> **THE DATA**:

——————————

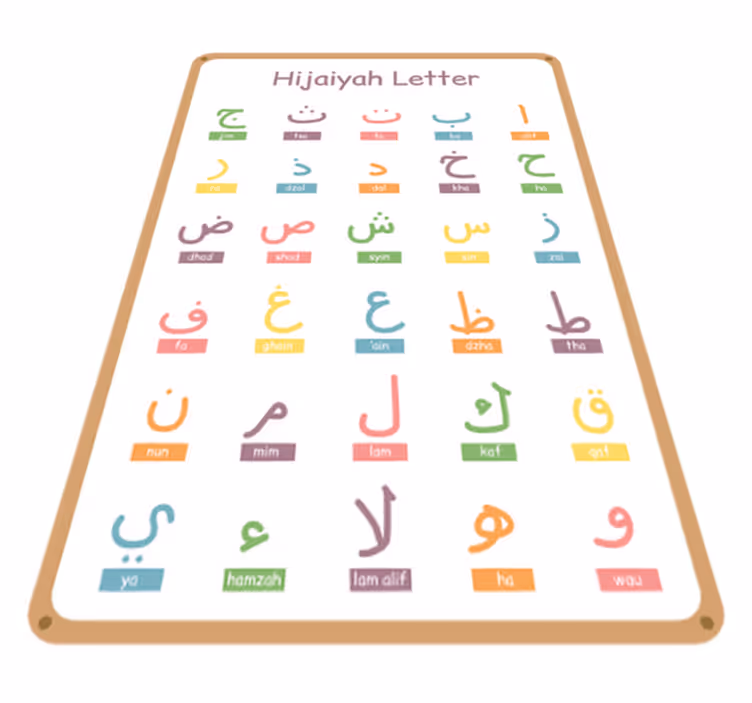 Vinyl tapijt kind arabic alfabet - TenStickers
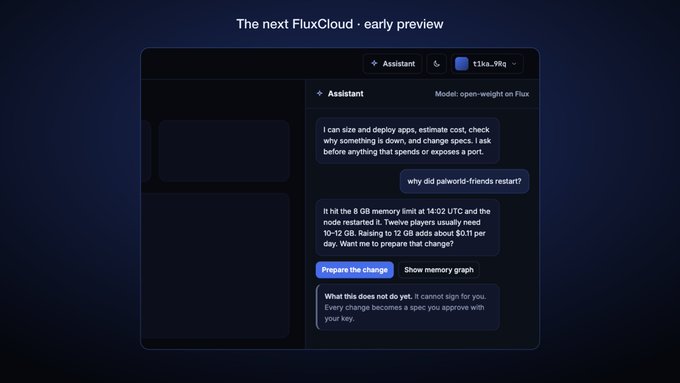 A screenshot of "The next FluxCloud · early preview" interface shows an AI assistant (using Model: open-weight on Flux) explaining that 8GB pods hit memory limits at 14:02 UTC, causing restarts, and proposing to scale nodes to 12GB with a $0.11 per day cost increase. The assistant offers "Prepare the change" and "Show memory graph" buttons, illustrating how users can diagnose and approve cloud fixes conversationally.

——————————

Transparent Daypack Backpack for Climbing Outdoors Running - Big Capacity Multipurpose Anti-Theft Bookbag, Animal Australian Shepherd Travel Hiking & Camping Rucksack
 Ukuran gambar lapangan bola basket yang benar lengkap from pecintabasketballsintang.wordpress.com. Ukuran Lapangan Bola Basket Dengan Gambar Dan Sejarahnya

——————————

Reproduce exactly the section above that begins at the line containing "Transparent Daypack Backpack" and ends at the line containing "Ukuran gambar lapangan", leaving out all other lines.

> **RESULT FOR THIS EXERCISE**:
Transparent Daypack Backpack for Climbing Outdoors Running - Big Capacity Multipurpose Anti-Theft Bookbag, Animal Australian Shepherd Travel Hiking & Camping Rucksack
 Ukuran gambar lapangan bola basket yang benar lengkap from pecintabasketballsintang.wordpress.com. Ukuran Lapangan Bola Basket Dengan Gambar Dan Sejarahnya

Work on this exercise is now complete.